Paris, 16 July 2012 – He is there, squatting on the kitchen floor and peeling potatoes, clearly feeling very much at home, as if he were back in the Afghan countryside. “Good evening! Had a good day?”Actually I’ve had a bad day and his welcoming smile makes me feel brighter; I’m glad of the ray of sunlight in my kitchen.
Later, he invites me to taste the meal he has prepared, proud to be able to offer something in return. And, he explains, he is happy not to have to queue in the cold, to struggle to keep his place in the line, just to get his dinner.
I belong to the Welcome network of JRS France, which means that I offer lodging to asylum seekers for six weeks at most. I had known JRS before, and I was aware of the problems that foreigners had finding accommodation in Paris. I could see more and more people roaming the streets and metro stations but what could I do? I wasn’t charged to resolve the world’s problems.
But then I was becoming involved in the Christian Life Community (CLC) and, suddenly, being baptised was more than just a social convention. It was time to move to action, to put into practice the ever more urgent call to be concrete about welcoming others, in my own home. The words, “I was a stranger and you welcomed me”, came to my head, or “Today I will come to your home”.
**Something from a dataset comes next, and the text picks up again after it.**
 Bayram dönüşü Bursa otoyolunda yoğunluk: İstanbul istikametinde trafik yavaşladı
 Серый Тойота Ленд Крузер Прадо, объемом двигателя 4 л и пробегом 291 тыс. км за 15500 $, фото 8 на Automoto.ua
I used to tell myself that, as a journalist, I was doing my utmost to give a voice to the poor, to denounce injustices. But I felt increasingly called to direct action so, after consulting my children, who encouraged me, I threw myself into this adventure.
Since then, young Afghans have come to stay, and I am discovering the reality in their country, the horrors of war and displacement, and the harsh journey of asylum seekers. I share their anguish as they wait for an answer from the authorities that will decide their future. I see their humiliation in having to stretch out their hands for food and clothes, to keep warm. Everything is a struggle.
I am also discovering the joy of receiving, of knowing that, for a while, my guest will not be hungry or cold. I am discovering the grace of smiling when they welcome me every evening. I admire their courage and hope, their faith in life. I am invited to taste the fruit of this encounter, ripe sweet fruit grown in my own home. I find much to be thankful for.